The AuthenticationResult object is discussed extensively on the Authentication page, and is how the IdP "remembers" an act of authentication for Single Sign-On. Only results stored in an IdPSession are ever reused for SSO, so disabling sessions globally disables SSO.
SPSession
An SPSession is a way to track the authentication interactions the IdP has been involved in during a session (in SAML terms, the SPs it has issued assertions to). There are two main reasons to do this:
- some kind of distributed logout
- user interface considerations
The former is as worthless in practice as its always been, but the design accomodates SAML logout requirements explicitly, at a massive cost in code complexity. The latter is to support scenarios in which a UI component may need to present information about the services a subject may have accessed. Obviously this overlaps with logout, but could also be useful in other cases. It might even substitute for logout by giving the subject information about what's not going to be logged out, but in turn that just gives an attacker sitting at a user's terminal more information about what he/she can access.
This aspect of the Session layer can be disabled independently of the rest, to simplify storage requirements or just save cycles. In particularly, to store sessions entirely within a cookie, this tracking must be off, for size reasons.

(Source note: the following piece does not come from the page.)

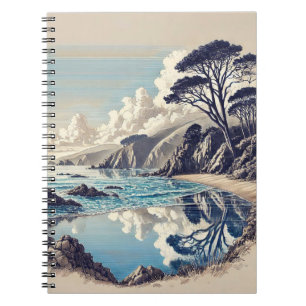 Réflexion Journal carnet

Within an SPSession, we track:
- unique name/ID of service
- creation time
- expiration time
- authentication flow ID used to fulfill the service's request for authentication
- an optional secondary key that may be needed to lookup the SPSession by alternative means
The last one is really for SAML; we have to store the NameID and SessionIndex issued to the SP because that's how logout works. By abstracting this behind a generic interface property, the code isn't SAML-specific except where needed.
Because the actual underlying SPSession type is going to be protocol-specific, it's left to the profile web flow to eventually create and attach it, rather than part of the authentication layer.
Functional Interfaces
There are two interfaces used to interact with the Session layer, one for creating/destroying them (net.shibboleth.idp.session.SessionManager) and one for looking them up (net.shibboleth.idp.session.SessionResolver). In practice they are implemented together.

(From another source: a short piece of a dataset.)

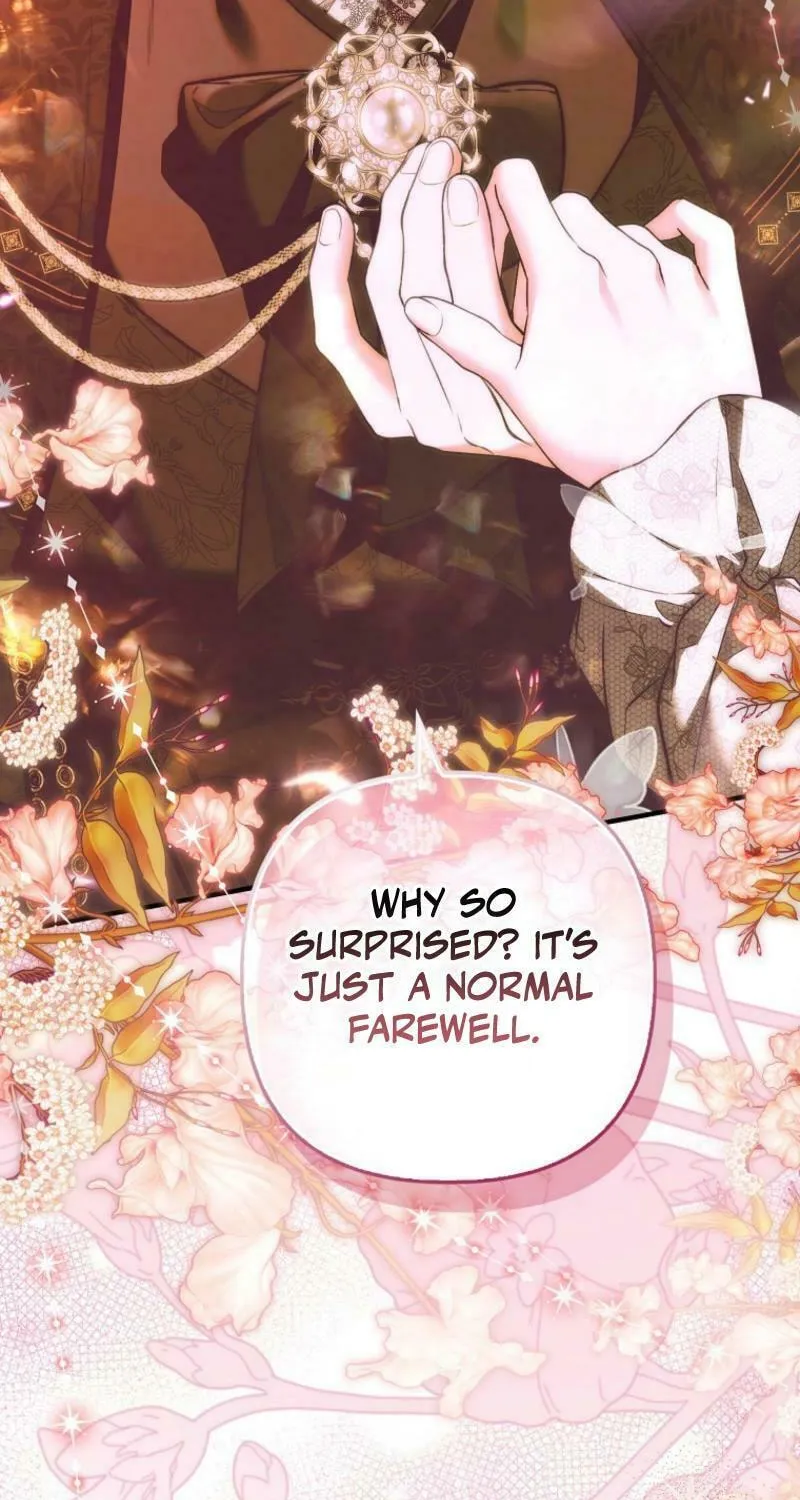 How to Reject a Perfect Marriage Chapter 31 page 73 -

The SessionManager interface is very minimal because actual updates to an IdPSession are done via methods on the IdPSession, not through the SessionManager. This is more elegant for the caller, but generally means a particular SessionManager implementation is also supplying its own custom implementation of IdPSession to manage changes.
The SessionResolver is designed around the Resolver notion used in a lot of the code base, and lookups are done based on custom Criterion objects that provide for the use cases we have for session access, such as:
- by session ID
- by implicit session ID found in a servlet request (i.e., a cookie, though this isn't necessarily required)
- by a secondary lookup of an SP ID plus custom key (this supports the SAML logout case)
Storage
As a technical matter, the session and storage layers are distinct, but in practice a lot of what SessionManager and SessionResolver have to do depends on the way storage is handled. The concrete implementation provided for the session interfaces is built on top of the StorageService abstraction in OpenSAML.
Any storage implementation able to satisfy that contract will work transparently with the session implementation, including one already implemented that stores data in HTML Local Storage or a cookie and reads/writes it on a per-request basis.
The session implementation can be configured to store SPSession data only in the case that the storage implementation can accomodate particular data sizes, to allow client-side use of cookies.
Technical Details
There are a large number of unusual features implemented in the StorageService and the session layer is the reason for that. It's trying to serve two goals: providing a very customizeable storage layout for advanced use cases like this one, but limiting the impact of that complexity on the actual storage plugin, which is meant to be highly unspecialized and use very opaque storage formats and layouts.
The current implementation manages the storage of an IdPSession as a set of records under a context matching the session ID. One of those records is a "master" record with a fixed key of "_session" that contains a JSON serialization of the "core" sesson data attached to the IdPSession interface. The master record also contains a pair of arrays containing the keys to all associated AuthenticationResult or SPSession objects (which are the flow ID or SP name/ID respectively). This is done because the storage API doesn't provide a way to enumerate the keys within a context, so this provides a foreign key lookup from an IdPSession to its content.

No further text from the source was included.